▶ **Data shown**:
----

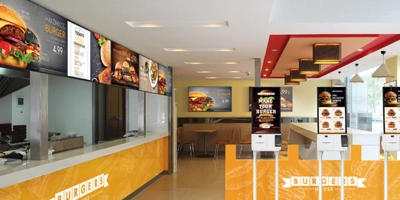 Muppi Indoor Restaurante Fast Food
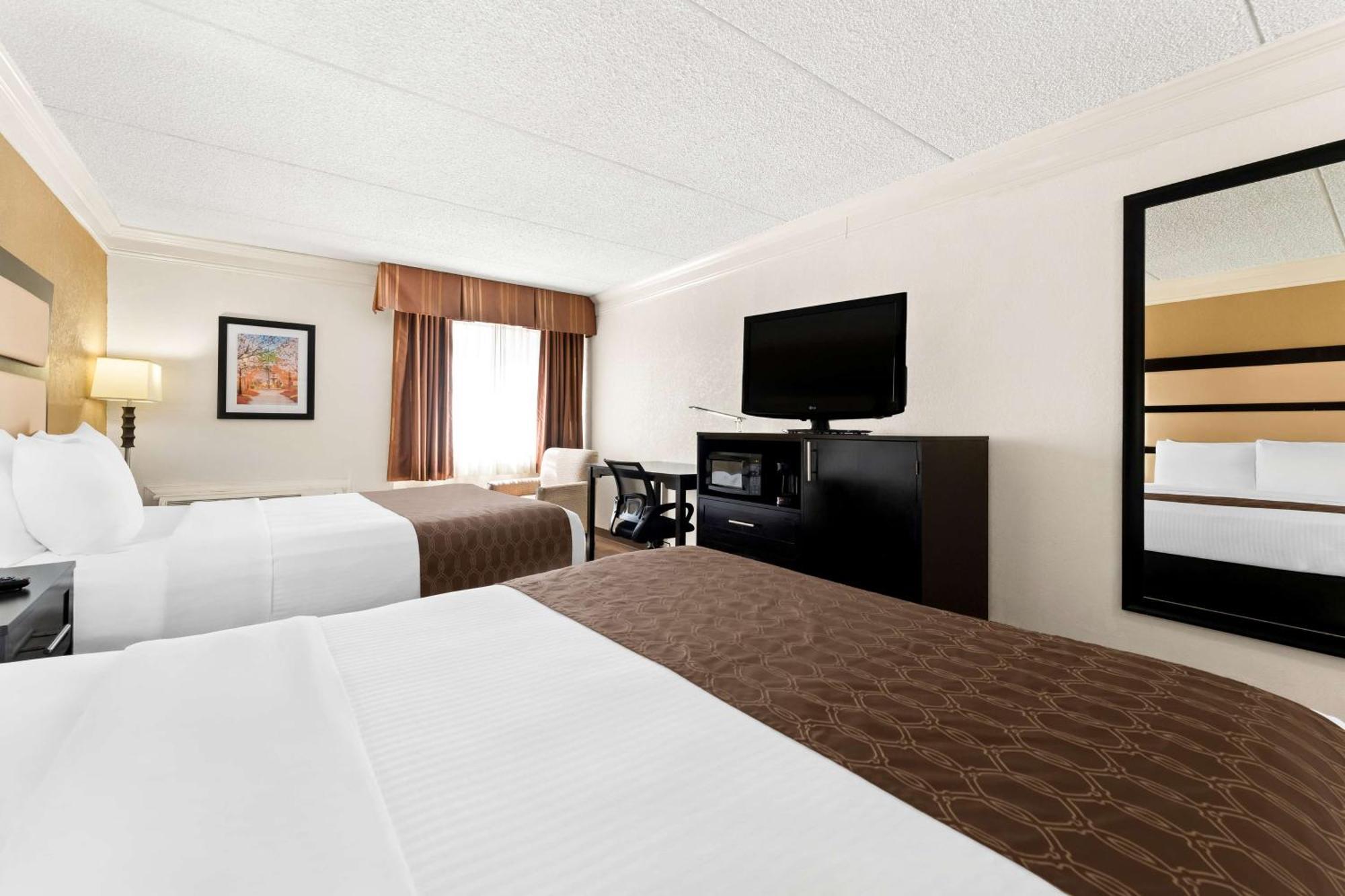 Best Western Riverside Inn Macon Exterior foto
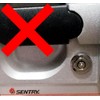 Sentry Safe Keys Cut from 2001 to 2100 Tubular Keys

----

▶ **What the task asks**:
Restate the data above word for word, so that the only difference is the missing pictures.

▶ **Task solution**:
 Muppi Indoor Restaurante Fast Food
 Best Western Riverside Inn Macon Exterior foto
 Sentry Safe Keys Cut from 2001 to 2100 Tubular Keys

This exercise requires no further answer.